§ ASSIGNMENT
Every line from the one containing "Product image 100" to the one containing "Alpha Industries Lw Weste Black L" in the records below, both included, must be set down exactly, and no other line.

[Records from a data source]
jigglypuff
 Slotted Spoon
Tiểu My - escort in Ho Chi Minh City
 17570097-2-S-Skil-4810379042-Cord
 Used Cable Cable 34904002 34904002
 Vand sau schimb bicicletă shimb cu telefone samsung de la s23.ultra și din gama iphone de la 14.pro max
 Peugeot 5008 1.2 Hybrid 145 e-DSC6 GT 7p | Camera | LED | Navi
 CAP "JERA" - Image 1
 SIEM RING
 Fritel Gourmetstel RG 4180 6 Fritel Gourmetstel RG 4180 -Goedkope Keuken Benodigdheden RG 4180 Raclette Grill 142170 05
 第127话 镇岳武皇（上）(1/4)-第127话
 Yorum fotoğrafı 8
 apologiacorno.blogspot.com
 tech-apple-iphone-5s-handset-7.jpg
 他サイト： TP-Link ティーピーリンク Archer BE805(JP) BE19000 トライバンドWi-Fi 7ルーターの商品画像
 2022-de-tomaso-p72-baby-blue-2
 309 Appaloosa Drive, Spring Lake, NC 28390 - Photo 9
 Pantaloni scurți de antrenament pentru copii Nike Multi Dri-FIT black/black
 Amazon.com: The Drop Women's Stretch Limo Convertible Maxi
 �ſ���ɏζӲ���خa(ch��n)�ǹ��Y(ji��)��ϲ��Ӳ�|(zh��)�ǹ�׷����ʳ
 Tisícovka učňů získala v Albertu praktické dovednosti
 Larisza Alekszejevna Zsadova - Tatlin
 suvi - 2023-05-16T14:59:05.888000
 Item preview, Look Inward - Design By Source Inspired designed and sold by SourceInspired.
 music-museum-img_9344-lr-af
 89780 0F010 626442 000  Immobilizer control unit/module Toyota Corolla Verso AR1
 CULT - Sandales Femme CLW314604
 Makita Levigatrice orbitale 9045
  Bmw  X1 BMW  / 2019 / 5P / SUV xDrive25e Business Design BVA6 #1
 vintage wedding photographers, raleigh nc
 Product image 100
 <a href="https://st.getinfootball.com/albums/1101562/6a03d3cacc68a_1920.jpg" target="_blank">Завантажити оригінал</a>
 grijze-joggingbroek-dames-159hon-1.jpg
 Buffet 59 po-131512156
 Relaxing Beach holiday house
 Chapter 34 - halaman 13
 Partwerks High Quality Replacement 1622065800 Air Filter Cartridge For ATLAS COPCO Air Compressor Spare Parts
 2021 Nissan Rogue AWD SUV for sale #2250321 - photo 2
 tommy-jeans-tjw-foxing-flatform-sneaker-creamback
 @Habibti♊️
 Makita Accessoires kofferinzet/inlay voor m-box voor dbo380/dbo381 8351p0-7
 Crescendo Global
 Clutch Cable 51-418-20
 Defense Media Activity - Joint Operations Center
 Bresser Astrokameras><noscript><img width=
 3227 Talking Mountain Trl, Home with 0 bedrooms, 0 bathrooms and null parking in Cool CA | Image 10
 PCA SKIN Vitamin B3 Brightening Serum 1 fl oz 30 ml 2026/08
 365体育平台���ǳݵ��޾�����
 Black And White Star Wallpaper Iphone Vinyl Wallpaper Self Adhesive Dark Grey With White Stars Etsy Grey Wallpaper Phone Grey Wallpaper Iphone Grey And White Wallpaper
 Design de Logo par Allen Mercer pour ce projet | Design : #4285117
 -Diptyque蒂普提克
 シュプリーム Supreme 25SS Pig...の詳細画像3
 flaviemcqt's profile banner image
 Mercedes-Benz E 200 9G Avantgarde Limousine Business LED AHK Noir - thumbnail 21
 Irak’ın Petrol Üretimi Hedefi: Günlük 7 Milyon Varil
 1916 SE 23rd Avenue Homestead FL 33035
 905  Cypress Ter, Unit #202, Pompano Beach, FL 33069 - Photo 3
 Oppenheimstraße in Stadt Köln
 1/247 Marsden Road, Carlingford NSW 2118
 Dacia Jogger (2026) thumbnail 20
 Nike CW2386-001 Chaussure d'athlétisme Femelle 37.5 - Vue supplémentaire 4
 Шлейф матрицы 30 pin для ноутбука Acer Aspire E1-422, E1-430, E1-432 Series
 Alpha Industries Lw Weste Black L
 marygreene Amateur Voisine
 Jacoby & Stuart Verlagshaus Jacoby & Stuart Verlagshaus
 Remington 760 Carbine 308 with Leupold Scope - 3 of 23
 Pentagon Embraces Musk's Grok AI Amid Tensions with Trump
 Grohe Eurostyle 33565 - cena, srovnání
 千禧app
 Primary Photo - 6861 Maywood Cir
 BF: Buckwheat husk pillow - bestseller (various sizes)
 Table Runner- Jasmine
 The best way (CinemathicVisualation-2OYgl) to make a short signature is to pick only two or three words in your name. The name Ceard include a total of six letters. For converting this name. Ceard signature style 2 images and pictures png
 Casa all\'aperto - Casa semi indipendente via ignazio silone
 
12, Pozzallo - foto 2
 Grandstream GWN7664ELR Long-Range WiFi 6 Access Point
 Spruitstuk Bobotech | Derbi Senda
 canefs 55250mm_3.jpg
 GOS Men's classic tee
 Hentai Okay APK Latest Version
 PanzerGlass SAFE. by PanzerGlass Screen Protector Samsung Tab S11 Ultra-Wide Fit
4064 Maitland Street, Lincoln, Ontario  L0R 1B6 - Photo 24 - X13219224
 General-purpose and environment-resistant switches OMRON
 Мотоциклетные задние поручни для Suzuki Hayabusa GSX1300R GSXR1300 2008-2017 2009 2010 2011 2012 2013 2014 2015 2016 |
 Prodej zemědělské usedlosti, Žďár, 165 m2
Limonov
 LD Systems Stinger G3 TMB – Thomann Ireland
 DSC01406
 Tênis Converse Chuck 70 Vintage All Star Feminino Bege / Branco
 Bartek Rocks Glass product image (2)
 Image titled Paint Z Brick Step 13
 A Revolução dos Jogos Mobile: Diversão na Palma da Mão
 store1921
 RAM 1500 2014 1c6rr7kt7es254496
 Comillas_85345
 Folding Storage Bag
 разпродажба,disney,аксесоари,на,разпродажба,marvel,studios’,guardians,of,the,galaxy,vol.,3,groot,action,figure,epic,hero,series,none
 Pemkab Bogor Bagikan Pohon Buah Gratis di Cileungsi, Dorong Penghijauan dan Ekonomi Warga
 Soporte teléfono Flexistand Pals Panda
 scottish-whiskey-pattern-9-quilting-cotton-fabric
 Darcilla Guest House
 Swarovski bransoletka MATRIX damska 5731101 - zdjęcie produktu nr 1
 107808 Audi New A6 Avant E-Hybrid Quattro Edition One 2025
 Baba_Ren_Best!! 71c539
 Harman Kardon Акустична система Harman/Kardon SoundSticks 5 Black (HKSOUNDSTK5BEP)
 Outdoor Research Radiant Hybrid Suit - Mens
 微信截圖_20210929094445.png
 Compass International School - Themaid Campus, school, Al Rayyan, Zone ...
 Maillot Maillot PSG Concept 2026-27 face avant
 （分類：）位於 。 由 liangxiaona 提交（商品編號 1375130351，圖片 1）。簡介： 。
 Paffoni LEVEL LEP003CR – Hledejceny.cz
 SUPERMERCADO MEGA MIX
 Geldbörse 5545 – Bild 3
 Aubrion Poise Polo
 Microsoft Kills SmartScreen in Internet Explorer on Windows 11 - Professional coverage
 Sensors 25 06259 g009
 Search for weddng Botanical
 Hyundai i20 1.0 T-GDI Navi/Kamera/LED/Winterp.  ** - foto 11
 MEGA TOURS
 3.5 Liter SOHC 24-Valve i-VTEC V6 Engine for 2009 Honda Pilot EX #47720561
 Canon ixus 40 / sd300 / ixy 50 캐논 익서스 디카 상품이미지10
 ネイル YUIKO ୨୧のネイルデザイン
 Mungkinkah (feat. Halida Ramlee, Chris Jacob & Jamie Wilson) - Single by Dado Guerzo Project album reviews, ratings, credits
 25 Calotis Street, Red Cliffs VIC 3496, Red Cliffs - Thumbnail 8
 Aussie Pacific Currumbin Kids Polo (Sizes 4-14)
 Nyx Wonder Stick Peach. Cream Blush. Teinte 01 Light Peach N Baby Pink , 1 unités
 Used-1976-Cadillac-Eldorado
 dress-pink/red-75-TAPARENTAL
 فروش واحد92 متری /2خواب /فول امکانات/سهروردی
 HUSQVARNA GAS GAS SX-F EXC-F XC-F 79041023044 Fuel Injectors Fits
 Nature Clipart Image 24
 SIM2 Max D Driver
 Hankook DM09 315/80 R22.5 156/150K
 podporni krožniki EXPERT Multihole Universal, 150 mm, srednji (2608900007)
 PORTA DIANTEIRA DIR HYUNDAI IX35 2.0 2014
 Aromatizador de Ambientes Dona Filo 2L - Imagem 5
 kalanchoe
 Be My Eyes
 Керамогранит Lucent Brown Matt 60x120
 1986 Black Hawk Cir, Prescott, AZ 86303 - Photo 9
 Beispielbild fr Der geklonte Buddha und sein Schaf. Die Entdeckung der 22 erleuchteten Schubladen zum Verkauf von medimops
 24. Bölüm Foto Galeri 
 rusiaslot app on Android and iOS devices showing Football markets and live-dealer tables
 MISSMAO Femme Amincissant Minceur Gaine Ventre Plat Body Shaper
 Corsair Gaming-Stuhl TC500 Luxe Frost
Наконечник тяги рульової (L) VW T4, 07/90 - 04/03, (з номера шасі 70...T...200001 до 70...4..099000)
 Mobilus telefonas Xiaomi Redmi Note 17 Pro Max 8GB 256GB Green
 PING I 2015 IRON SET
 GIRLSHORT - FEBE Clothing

§ YOUR RESPONSE
 Product image 100
 <a href="https://st.getinfootball.com/albums/1101562/6a03d3cacc68a_1920.jpg" target="_blank">Завантажити оригінал</a>
 grijze-joggingbroek-dames-159hon-1.jpg
 Buffet 59 po-131512156
 Relaxing Beach holiday house
 Chapter 34 - halaman 13
 Partwerks High Quality Replacement 1622065800 Air Filter Cartridge For ATLAS COPCO Air Compressor Spare Parts
 2021 Nissan Rogue AWD SUV for sale #2250321 - photo 2
 tommy-jeans-tjw-foxing-flatform-sneaker-creamback
 @Habibti♊️
 Makita Accessoires kofferinzet/inlay voor m-box voor dbo380/dbo381 8351p0-7
 Crescendo Global
 Clutch Cable 51-418-20
 Defense Media Activity - Joint Operations Center
 Bresser Astrokameras><noscript><img width=
 3227 Talking Mountain Trl, Home with 0 bedrooms, 0 bathrooms and null parking in Cool CA | Image 10
 PCA SKIN Vitamin B3 Brightening Serum 1 fl oz 30 ml 2026/08
 365体育平台���ǳݵ��޾�����
 Black And White Star Wallpaper Iphone Vinyl Wallpaper Self Adhesive Dark Grey With White Stars Etsy Grey Wallpaper Phone Grey Wallpaper Iphone Grey And White Wallpaper
 Design de Logo par Allen Mercer pour ce projet | Design : #4285117
 -Diptyque蒂普提克
 シュプリーム Supreme 25SS Pig...の詳細画像3
 flaviemcqt's profile banner image
 Mercedes-Benz E 200 9G Avantgarde Limousine Business LED AHK Noir - thumbnail 21
 Irak’ın Petrol Üretimi Hedefi: Günlük 7 Milyon Varil
 1916 SE 23rd Avenue Homestead FL 33035
 905  Cypress Ter, Unit #202, Pompano Beach, FL 33069 - Photo 3
 Oppenheimstraße in Stadt Köln
 1/247 Marsden Road, Carlingford NSW 2118
 Dacia Jogger (2026) thumbnail 20
 Nike CW2386-001 Chaussure d'athlétisme Femelle 37.5 - Vue supplémentaire 4
 Шлейф матрицы 30 pin для ноутбука Acer Aspire E1-422, E1-430, E1-432 Series
 Alpha Industries Lw Weste Black L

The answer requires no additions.